And right now, he had no patience for spectators.

"Come on," he said, brushing past Enid and heading toward the academic wing.

She followed quickly, her steps light but uneven, like she still wasn't used to how close they had become. A few students parted instinctively as they walked—Toji didn't make threats; his presence did the job for him.

The hall leading toward Herbology was quieter than usual. Too quiet.

Enid noticed before he did.

"Why is it empty?" she whispered.

"That's the wrong question," Toji muttered. "Ask who cleared it."

Before she could react, a door creaked open ahead, slow, deliberate.

Eugene.

Of all people.

He stepped out with the confidence of someone who had spent the last hour hyping himself up in front of a mirror. His curls were messy, his glasses slightly fogged, and his hands kept wringing the hem of his sweater. He looked terrified.

But determined.

"Toji," Eugene said, voice cracking. "Can I… talk to you?"

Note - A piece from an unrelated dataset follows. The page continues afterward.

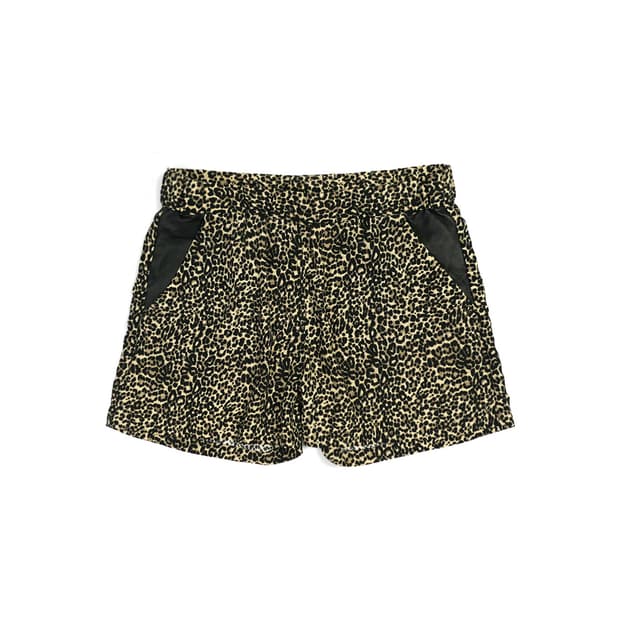 The Kooples leopard easy shorts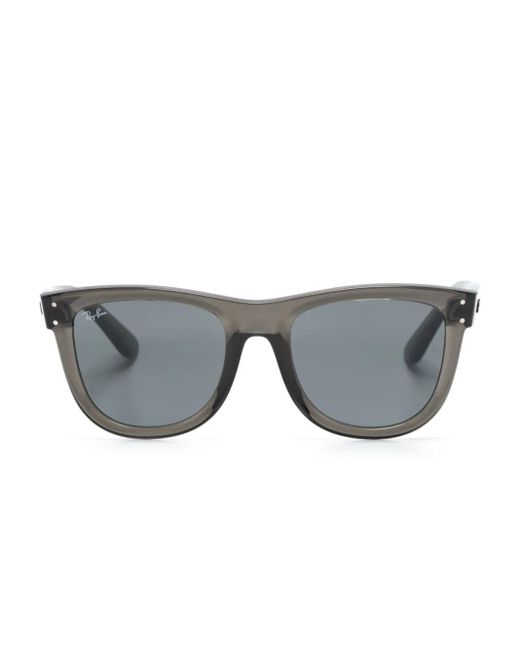 Ray-Ban Gray Mega Wayfarer Sunglasses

Enid blinked. "Eugene? Are you okay?"

He nodded stiffly. "I—I just need to get something off my chest."

Toji sighed. Loudly. "Make it fast."

Eugene planted his feet like he was about to confess to a murder.

"You hurt Wednesday."

Enid flinched.

Toji did not.

"And I know she's strong, and I know she was the one who filed the papers, and I know she said it was mutual but—"

Eugene swallowed hard enough to be heard.

"—but she cried, Toji."

Silence.

Heavy. Static-thick.

Enid's breath hitched. Toji's jaw tightened by a fraction—just enough to betray something only someone very observant would catch.

Eugene continued, voice trembling but brave in the way only loyalty makes a person brave.

"She won't admit it. She won't show it. But I saw.

And… and I think you owe her something.

Not love. Not marriage. Not a reunion. But—something."

Toji stepped forward.

Eugene didn't step back.

That alone impressed Toji more than he wanted to admit.

"And what," Toji asked quietly, "do you think I owe her?"

Eugene swallowed again.

"Closure."

Enid's heart squeezed at the word.

It made sense. Too much sense.

Toji stared at Eugene for a long, cold moment… then exhaled.

"Fine."

Eugene's shoulders sagged with relief. Enid felt the tension loosen in her chest.

But Toji wasn't finished.

"It doesn't concern you again," he said. "You said your piece. Don't make it a habit."

Eugene nodded quickly—too quickly—and scampered off like he had just survived negotiating with a wolf.

Enid turned to Toji, eyes soft. "That was… really mature of you."

Toji snorted. "Don't get excited."

"I'm not excited," she lied immediately.

He gave her a look.

She sighed. "Okay, maybe a little."

They continued walking, the quiet between them no longer heavy—just thoughtful.

But that peace lasted exactly ten seconds.

Because as they reached the next hall, Toji stopped suddenly.

Enid bumped into his back. "Ow—hey, warn—"

She froze.

Toji froze.

Ahead of them, Wednesday stood in the center of the hall, arms folded behind her back, posture perfect, gaze unreadable.

But something new lingered in her expression.

Not anger.

Not regret.

Not softness.

Preparation.

"As convenient as timing can be," Wednesday said, "I was coming to find you."

Toji's eyes narrowed. "Why? Didn't you say what you wanted to say"

Wednesday glanced briefly at Enid, then returned her gaze to him.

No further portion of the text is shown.